-- Records for the exercise --
[Start of section]

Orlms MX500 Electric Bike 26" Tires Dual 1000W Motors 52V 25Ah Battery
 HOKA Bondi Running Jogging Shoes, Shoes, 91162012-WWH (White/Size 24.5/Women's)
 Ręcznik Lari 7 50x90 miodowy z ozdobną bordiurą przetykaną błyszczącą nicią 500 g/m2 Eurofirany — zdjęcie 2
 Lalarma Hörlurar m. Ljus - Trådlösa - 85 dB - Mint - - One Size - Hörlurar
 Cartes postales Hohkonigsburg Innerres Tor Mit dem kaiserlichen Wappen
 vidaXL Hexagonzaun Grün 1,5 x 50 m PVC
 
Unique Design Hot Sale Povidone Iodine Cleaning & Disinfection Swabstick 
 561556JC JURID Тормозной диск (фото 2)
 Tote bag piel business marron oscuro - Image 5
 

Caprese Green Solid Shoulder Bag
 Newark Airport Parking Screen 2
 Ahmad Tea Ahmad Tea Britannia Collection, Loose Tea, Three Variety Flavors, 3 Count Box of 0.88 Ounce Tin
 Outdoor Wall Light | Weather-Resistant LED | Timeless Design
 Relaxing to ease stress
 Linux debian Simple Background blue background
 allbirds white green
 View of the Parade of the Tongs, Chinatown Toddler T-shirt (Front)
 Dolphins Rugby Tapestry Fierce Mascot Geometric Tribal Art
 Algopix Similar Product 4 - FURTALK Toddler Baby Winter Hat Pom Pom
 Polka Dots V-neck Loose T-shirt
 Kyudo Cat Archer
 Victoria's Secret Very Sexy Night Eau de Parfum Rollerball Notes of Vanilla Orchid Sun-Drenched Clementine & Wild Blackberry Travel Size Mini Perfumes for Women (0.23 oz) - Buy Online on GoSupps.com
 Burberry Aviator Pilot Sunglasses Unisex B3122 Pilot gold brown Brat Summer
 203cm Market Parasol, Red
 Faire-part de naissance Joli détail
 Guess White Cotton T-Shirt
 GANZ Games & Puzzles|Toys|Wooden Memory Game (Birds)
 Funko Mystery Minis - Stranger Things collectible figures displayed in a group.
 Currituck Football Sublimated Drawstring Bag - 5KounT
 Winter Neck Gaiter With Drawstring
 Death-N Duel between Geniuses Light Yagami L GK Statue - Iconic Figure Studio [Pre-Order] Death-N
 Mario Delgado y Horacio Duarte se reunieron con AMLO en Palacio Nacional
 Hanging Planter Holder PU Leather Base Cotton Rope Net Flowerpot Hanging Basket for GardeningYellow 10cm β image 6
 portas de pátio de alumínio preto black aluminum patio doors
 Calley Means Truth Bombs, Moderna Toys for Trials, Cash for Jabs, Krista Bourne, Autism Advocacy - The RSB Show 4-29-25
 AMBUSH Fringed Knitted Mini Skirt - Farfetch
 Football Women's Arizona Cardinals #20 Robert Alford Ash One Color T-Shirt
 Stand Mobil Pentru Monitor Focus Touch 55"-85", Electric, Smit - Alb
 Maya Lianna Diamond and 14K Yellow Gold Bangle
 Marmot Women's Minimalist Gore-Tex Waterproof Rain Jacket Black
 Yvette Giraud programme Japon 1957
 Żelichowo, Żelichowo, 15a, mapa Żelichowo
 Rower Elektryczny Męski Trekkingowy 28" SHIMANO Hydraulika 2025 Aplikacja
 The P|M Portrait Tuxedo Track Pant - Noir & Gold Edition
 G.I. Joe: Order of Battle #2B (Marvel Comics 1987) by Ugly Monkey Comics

[End of section]

-- Action item --
Only the lines above, from the first through the one holding "vidaXL Hexagonzaun Grün 1,5 x 50 m PVC", are to be output, and they must be copied exactly.

-- Task output --
Orlms MX500 Electric Bike 26" Tires Dual 1000W Motors 52V 25Ah Battery
 HOKA Bondi Running Jogging Shoes, Shoes, 91162012-WWH (White/Size 24.5/Women's)
 Ręcznik Lari 7 50x90 miodowy z ozdobną bordiurą przetykaną błyszczącą nicią 500 g/m2 Eurofirany — zdjęcie 2
 Lalarma Hörlurar m. Ljus - Trådlösa - 85 dB - Mint - - One Size - Hörlurar
 Cartes postales Hohkonigsburg Innerres Tor Mit dem kaiserlichen Wappen
 vidaXL Hexagonzaun Grün 1,5 x 50 m PVC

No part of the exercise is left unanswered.